25 years ago: “Simple greed has taken over a lot of people, and they’re no longer willing to give even time away … I can remember the day when it was easy to round up volunteers for almost any purpose, but now most people want to get paid for whatever they’re asked to do.”– From “Associations, Are they Social Gatherings or Legitimate Business Meetings for Professionals?” by Russ Cornell, Canadian Consulting Engineer, September 1976.

WORKS

Engineers commissioned for Quebec library

Consulting engineers have been appointed for the Grande bibliothque du Qubec, a large new central library that the province has been planning for many years to be built in Montreal. Consulting engineers Nicolet Chartrand Knoll and Gniplus of Montreal have won the contract for structural engineering, and Bouthillette, Parizeau, and HBA Group will do the mechanical and electrical engineering.
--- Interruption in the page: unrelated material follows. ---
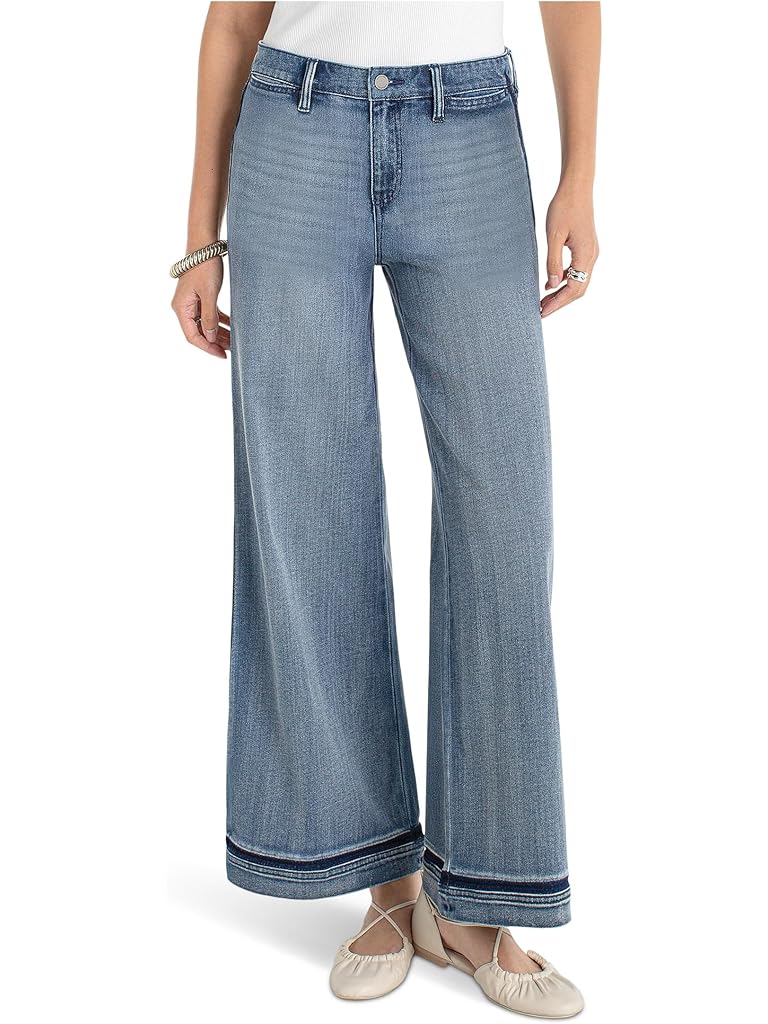 Blue Liverpool Los Angeles Super Stride Wide Leg Mid-rise Jean With Shadow Cuff 30" Inseam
The $90.6 million library is to be built over the next three years on the site of the Palais du Commerce (which will be demolished) at the corner of de Maisonneuve Boulevard and Berri Street near the Berri-UQAM metro. Last year a small firm from Vancouver, Patkau Architects, in association with Quebec firms Croft-Pelletier and Gilles Guit won an international competition to do the architectural design. The library is to contain four million documents, including one million books.

PROFESSIONAL

Manitoba imposes Certificates of Authorization

Two years after Manitoba’s Engineering and Geoscientific Professions Act stipulated that incorporated engineering entities must have a Certificate of Authorization to perform services, the Association of Professional Engineers and Geoscientists of Manitoba is accepting applications.
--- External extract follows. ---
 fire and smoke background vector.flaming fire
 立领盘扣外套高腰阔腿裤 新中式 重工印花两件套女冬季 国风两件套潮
Implementing the program has been a long and trying issue for the Manitoba association, and its members still have to ratify a bylaw change. The difficulty partly arises because the program requires that certificate holders have liability insurance. Manitoba is the last province apart from Quebec to impose the C of A requirement.

Professional Engineers of Ontario is reviewing what is the purpose of its Certificate of Authorization program, and the Association of Professional Engineers in Alberta (APEGGA) has finished reviewing its corporate practitioners’ permit system and as a result has reduced the fees paid by most single practitioners in comparison to large firms.

STRUCTURES

Roof collapses in Sarnia

In December, part of the roof covering a large shopping mall in Sarnia, Ontario collapsed under the weight of heavy snow. The Ontario Ministry of Labour is investigating what caused the structure to fail. It was built in the late 1960s. One person, an employee at one of the stores, was killed and another injured during the event, which occurred at the Lambton Mall in the early morning when it was largely deserted.

ENERGY

Government goes green

In its Climate Change Action Plan 2000, the Canadian government has committed to buying 20 per cent of the electricity it uses in its facilities from renewable and low emission energy sources. It has also committed to promoting green power in Saskatchewan by purchasing at least 25 MW — half its own needs — of wind-generated electricity from SaskPower. Natural Resources Canada and Environment Canada facilities in Alberta are already buying all their power as wind energy supplied by Enmax, the city of Calgary’s system.

ADDENDUM

Atacama Pipeline

In the “Up Front” section of the October-November issue (p. 6), Hydroconsult of Calgary was described as responsible for the Atacama pipeline project in Argentina. Hydroconsult is consultant on the river crossings and instream sections. Fluor Daniel Williams Brothers was responsible for the overall design and project management of the project.